‘UK’s answer to Tutankhamun tomb' found beside pub in Essex (PHOTOS)
The unexpected find was uncovered during roadworks in Prittlewell, Essex in 2003. The tomb contained rare artefacts, including tooth enamel fragments believed to belong to a 6th century Anglo-Saxon prince.
Archaeologists said they were “astounded” to find the burial chamber still intact. It’s thought to be the oldest known example of a Christian Anglo-Saxon prince, and the items found in the tomb were placed there “as part of a carefully choreographed burial rite.”
Gold crosses were found placed where the prince’s eyes would have been, suggesting he was Christian, but other elements of the tomb point to pre-Christian rituals.
“I think it’s our equivalent of Tutankhamun’s tomb,”said Sophie Jackson of the Museum of London Archaeology.
The discoveries are being displayed in Southend for the first time, after being carefully analysed for 15 years. They include a lyre, an ancient harp, a 1,400 year old wooden box thought to be the only remaining example of painted Anglo-Saxon woodwork in Britain, and a flagon believed to have come from Syria.

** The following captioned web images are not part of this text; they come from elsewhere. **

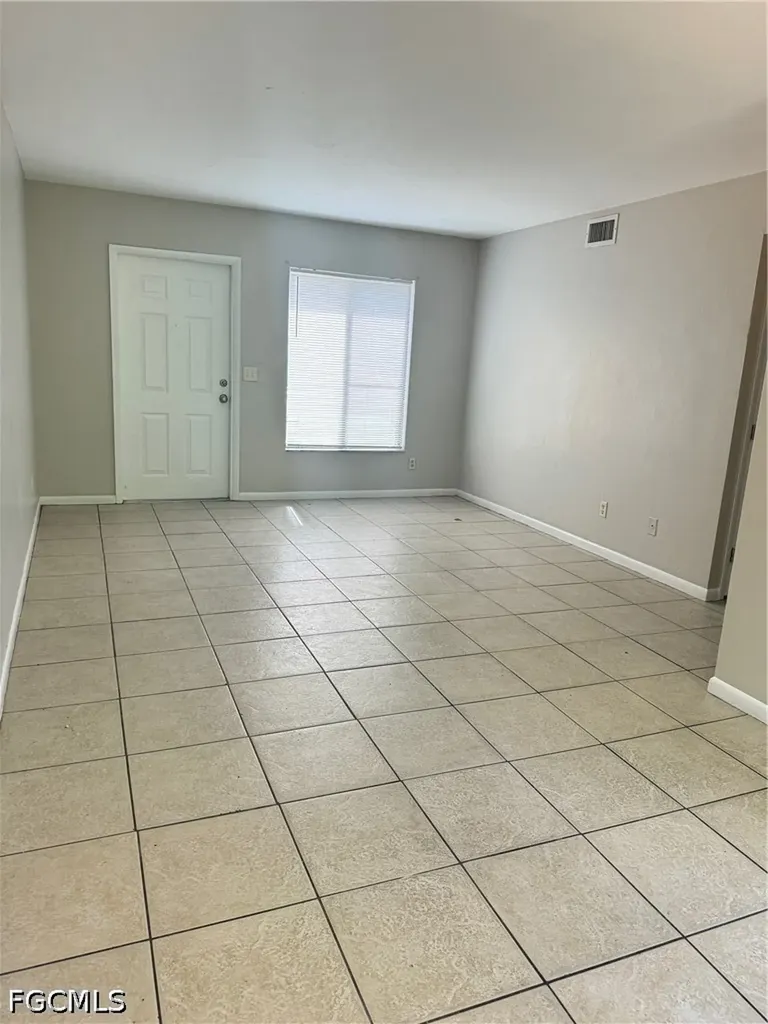 2944 Jackson Street Fort Myers FL 33901
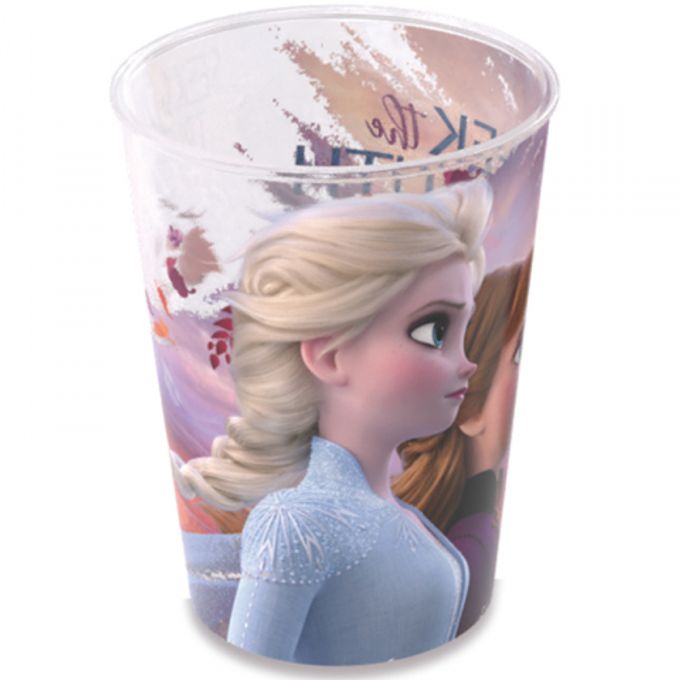 copo-frozen-320ml-conteudo copo-frozen-320ml-conteudo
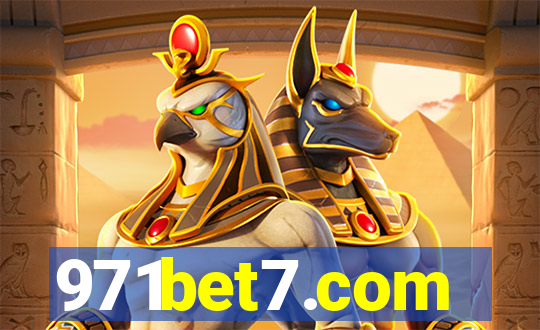 971bet7.com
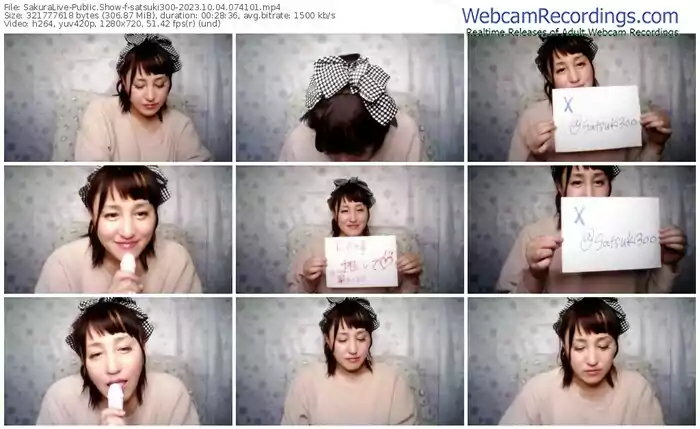 sakuralive-satsuki300-10-04-2023-07-41-01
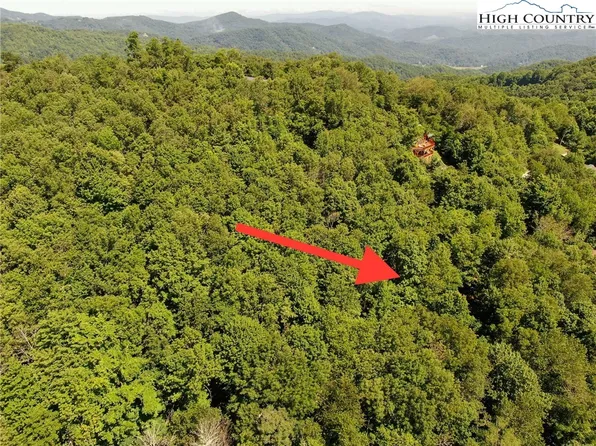 000 Chestnut Ridge Trail, Seven Devils, NC 28604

Gold coins and drinking vessels were also found inside the timber structure that once measured 13ft (4m) square.
At first, it was suggested that the remains belonged to Saebert, Saxon king of Essex from AD604 to AD616, but carbon dating and other testing suggests the tomb was built at least 11 years before his death. Archaeologists now think the remains are likely those of his brother Seaxa.
“There’s a lot of debate about whether he was a fully-fledged hairy beast Saxon warrior, or younger,” Jackson said of their find. “Had he died before he could really prove himself as he could have been buried with more kit?”
The Museum of London Archaeology have created an interactive version of the tomb online.